Strathkelvin MSP Rona Mackay said today she is looking forward to the “disastrous” shared space project at Kirkintilloch being sorted to ensure the needs of all her constituents are taken into consideration.
Ms Mackay wants to meet with East Dunbartonshire Council’s Depute Chief Executive Thomas Glen regarding consultation with vulnerable groups.
Earlier in the week, council leader Rhondda Geekie admitted live on BBC Scotland that the controversial shared space initiative, which takes in the Catherine Street junction, has failed.
Ms Mackay told the Herald: “I am glad the council leader and I are finally on the same page when it comes to this shared space shambles in Kirkintilloch town centre.
“I would like to thank all of those who spoke out against this, and Liz Gallacher at the Kirkintilloch Herald for excellent and impartial coverage.

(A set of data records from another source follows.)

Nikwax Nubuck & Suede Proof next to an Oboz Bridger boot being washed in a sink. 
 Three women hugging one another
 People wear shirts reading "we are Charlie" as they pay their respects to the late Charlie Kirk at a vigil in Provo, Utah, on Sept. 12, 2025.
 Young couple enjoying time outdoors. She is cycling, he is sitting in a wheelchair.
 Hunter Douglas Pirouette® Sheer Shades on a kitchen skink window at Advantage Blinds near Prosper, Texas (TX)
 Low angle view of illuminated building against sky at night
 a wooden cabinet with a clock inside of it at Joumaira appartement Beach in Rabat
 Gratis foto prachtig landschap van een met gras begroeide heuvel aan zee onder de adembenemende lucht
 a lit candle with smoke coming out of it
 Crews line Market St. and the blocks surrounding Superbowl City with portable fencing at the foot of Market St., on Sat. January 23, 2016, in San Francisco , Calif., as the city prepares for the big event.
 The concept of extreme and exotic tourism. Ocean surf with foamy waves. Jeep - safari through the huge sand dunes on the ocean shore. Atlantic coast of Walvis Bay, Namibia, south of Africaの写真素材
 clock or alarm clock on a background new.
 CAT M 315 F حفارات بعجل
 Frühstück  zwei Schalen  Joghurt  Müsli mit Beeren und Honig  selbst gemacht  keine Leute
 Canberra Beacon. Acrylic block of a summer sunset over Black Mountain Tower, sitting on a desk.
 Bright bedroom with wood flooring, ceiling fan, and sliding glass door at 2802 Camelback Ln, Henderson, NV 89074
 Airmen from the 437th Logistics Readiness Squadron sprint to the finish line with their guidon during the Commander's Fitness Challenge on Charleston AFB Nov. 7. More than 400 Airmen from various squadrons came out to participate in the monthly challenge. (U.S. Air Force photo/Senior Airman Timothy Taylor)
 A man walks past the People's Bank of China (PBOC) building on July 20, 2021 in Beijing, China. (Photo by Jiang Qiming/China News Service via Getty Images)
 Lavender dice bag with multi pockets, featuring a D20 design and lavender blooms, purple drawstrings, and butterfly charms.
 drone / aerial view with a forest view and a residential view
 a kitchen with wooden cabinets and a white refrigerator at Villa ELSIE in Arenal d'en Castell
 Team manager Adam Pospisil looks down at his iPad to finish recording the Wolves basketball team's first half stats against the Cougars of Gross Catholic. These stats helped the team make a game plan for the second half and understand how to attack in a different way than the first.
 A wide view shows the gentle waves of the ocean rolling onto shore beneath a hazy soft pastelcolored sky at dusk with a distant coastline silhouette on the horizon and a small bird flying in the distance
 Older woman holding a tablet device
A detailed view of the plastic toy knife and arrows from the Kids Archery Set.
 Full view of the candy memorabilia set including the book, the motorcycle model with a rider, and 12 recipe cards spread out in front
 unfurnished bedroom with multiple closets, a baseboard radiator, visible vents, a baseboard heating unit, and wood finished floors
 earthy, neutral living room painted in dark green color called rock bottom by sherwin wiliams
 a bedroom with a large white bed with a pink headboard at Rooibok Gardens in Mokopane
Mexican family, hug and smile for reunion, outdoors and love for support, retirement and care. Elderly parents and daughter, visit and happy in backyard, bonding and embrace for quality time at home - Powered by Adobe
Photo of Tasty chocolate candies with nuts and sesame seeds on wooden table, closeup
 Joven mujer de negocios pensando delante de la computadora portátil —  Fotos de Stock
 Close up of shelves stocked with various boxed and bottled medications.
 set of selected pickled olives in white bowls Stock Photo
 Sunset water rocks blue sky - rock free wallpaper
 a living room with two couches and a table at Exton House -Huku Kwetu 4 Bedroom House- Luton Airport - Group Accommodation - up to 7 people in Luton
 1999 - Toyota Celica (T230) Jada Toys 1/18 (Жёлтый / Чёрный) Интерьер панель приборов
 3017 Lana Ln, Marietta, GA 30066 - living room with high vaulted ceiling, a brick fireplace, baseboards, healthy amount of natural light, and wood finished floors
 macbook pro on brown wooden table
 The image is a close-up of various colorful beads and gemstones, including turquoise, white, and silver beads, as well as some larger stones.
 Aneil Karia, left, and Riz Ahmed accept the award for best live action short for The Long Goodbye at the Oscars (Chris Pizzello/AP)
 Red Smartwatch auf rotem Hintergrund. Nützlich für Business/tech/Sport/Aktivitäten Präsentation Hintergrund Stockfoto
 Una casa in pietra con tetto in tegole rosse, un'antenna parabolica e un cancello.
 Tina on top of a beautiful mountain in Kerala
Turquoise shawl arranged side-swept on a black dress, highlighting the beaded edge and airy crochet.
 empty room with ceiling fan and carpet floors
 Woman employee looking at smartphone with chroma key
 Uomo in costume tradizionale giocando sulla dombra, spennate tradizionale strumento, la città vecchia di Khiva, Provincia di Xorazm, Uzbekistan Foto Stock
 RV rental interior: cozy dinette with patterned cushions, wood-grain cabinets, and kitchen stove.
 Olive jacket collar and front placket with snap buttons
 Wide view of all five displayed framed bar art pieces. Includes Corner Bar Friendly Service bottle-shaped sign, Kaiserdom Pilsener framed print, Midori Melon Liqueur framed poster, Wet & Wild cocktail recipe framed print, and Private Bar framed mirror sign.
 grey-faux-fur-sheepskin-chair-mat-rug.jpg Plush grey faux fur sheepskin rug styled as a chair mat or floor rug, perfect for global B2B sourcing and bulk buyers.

Though we still have to keep up the pressure.”
“I have written to Depute Chief Executive Thomas Glen, asking how and when we can go about consulting in detail with vulnerable groups over what they would like to see implemented to places like Catherine Street.
“I’m looking forward to this disastrous vanity project by our Labour-led council being sorted out to ensure the needs of all of my constituents are taken into consideration.”
On the radio discussion programme, Councillor Geekie told presenter John Beattie that East Dunbartonshire Council can reverse the controversial changes after saying she is “disappointed it’s not worked in Kirkintilloch”.
Ms Mackay, who was also on the BBC show, said she welcomed the statement from Councillor Geekie and has written to Mr Glen to ask how and when the process can be started and when arrangements will be made to consult with residents and vulnerable groups on safety changes.
On the show, the lcoal MSP outlined the problems at the junction, such as vulnerable constituents being effectively excluded from the town, and how drivers and pedestrians are left confused as to who has the right of way.
Police have dealt with several accidents at the junction, and there have been social media reports of drivers in minor collisions and episodes causing chaos.
Campaigner Sandy Taylor spoke on BBC Radio Scotland shortly after Ms Mackay and Cllr Geekie about safety problems facing disable and elderly people due to the lack of traffic lights
Rona added: “I applaud the tenacity Sandy has shown to help our community.”
In a previous story, we revealed environment group Sustrans, who funded half of the £3.1 million shared space scheme, have now accepted traffic lights and controlled crossings can form part of shared spaces, after discussion with Scottish Transport Minister Humza Yousaf.